Top of EXERCISE MATERIAL

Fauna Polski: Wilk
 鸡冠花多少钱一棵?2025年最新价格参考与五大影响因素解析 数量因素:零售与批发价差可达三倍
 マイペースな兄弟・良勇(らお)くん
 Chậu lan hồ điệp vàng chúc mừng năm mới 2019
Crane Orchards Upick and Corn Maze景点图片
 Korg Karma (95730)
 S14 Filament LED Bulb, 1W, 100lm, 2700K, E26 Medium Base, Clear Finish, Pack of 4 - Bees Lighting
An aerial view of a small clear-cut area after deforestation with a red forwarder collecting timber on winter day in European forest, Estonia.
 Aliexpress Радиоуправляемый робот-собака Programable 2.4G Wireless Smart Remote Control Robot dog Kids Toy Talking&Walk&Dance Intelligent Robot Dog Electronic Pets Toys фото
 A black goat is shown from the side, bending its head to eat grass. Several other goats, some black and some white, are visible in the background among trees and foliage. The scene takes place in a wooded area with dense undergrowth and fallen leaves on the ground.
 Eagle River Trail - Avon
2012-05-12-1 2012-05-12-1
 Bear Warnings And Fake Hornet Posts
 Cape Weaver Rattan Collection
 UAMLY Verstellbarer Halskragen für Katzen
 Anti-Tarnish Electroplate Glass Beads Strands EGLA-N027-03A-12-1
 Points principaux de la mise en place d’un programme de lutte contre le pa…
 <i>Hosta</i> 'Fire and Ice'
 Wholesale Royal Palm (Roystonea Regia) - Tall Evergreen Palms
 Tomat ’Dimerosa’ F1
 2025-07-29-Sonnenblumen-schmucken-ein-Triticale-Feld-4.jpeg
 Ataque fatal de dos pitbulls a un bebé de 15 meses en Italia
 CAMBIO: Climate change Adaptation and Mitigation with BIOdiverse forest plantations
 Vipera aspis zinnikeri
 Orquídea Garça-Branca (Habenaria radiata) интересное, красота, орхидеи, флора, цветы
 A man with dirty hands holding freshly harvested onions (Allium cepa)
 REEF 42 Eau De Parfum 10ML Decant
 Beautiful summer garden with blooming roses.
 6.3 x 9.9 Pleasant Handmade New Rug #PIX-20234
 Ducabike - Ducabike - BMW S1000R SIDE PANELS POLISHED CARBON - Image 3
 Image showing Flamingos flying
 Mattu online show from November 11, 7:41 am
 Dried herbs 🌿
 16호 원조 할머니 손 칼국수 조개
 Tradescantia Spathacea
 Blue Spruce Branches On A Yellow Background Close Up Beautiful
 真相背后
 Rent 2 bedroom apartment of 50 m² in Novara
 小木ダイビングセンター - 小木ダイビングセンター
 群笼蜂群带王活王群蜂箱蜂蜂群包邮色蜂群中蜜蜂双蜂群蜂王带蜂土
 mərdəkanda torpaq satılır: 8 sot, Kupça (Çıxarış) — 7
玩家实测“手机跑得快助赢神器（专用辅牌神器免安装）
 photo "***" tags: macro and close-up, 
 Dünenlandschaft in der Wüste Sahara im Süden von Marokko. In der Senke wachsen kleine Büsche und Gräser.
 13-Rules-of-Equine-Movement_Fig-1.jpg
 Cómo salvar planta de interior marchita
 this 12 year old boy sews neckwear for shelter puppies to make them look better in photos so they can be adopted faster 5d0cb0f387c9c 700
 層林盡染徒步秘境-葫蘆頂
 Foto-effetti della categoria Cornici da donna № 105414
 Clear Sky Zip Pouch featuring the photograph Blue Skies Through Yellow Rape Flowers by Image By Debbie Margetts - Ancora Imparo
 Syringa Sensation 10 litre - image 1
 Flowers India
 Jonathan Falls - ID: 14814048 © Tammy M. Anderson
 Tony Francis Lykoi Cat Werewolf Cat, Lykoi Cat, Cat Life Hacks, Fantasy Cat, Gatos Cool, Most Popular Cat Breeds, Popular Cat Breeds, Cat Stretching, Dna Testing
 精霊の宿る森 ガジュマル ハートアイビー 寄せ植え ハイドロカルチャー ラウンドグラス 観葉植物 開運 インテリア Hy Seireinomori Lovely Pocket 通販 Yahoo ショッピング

Bottom of EXERCISE MATERIAL

== INSTRUCTIONS FOR THE TASK ==
Beginning with the line that holds "Tomat ’Dimerosa’ F1", please return every line through the end of the data, exactly as written.

== TASK ANSWER ==
 Tomat ’Dimerosa’ F1
 2025-07-29-Sonnenblumen-schmucken-ein-Triticale-Feld-4.jpeg
 Ataque fatal de dos pitbulls a un bebé de 15 meses en Italia
 CAMBIO: Climate change Adaptation and Mitigation with BIOdiverse forest plantations
 Vipera aspis zinnikeri
 Orquídea Garça-Branca (Habenaria radiata) интересное, красота, орхидеи, флора, цветы
 A man with dirty hands holding freshly harvested onions (Allium cepa)
 REEF 42 Eau De Parfum 10ML Decant
 Beautiful summer garden with blooming roses.
 6.3 x 9.9 Pleasant Handmade New Rug #PIX-20234
 Ducabike - Ducabike - BMW S1000R SIDE PANELS POLISHED CARBON - Image 3
 Image showing Flamingos flying
 Mattu online show from November 11, 7:41 am
 Dried herbs 🌿
 16호 원조 할머니 손 칼국수 조개
 Tradescantia Spathacea
 Blue Spruce Branches On A Yellow Background Close Up Beautiful
 真相背后
 Rent 2 bedroom apartment of 50 m² in Novara
 小木ダイビングセンター - 小木ダイビングセンター
 群笼蜂群带王活王群蜂箱蜂蜂群包邮色蜂群中蜜蜂双蜂群蜂王带蜂土
 mərdəkanda torpaq satılır: 8 sot, Kupça (Çıxarış) — 7
玩家实测“手机跑得快助赢神器（专用辅牌神器免安装）
 photo "***" tags: macro and close-up, 
 Dünenlandschaft in der Wüste Sahara im Süden von Marokko. In der Senke wachsen kleine Büsche und Gräser.
 13-Rules-of-Equine-Movement_Fig-1.jpg
 Cómo salvar planta de interior marchita
 this 12 year old boy sews neckwear for shelter puppies to make them look better in photos so they can be adopted faster 5d0cb0f387c9c 700
 層林盡染徒步秘境-葫蘆頂
 Foto-effetti della categoria Cornici da donna № 105414
 Clear Sky Zip Pouch featuring the photograph Blue Skies Through Yellow Rape Flowers by Image By Debbie Margetts - Ancora Imparo
 Syringa Sensation 10 litre - image 1
 Flowers India
 Jonathan Falls - ID: 14814048 © Tammy M. Anderson
 Tony Francis Lykoi Cat Werewolf Cat, Lykoi Cat, Cat Life Hacks, Fantasy Cat, Gatos Cool, Most Popular Cat Breeds, Popular Cat Breeds, Cat Stretching, Dna Testing
 精霊の宿る森 ガジュマル ハートアイビー 寄せ植え ハイドロカルチャー ラウンドグラス 観葉植物 開運 インテリア Hy Seireinomori Lovely Pocket 通販 Yahoo ショッピング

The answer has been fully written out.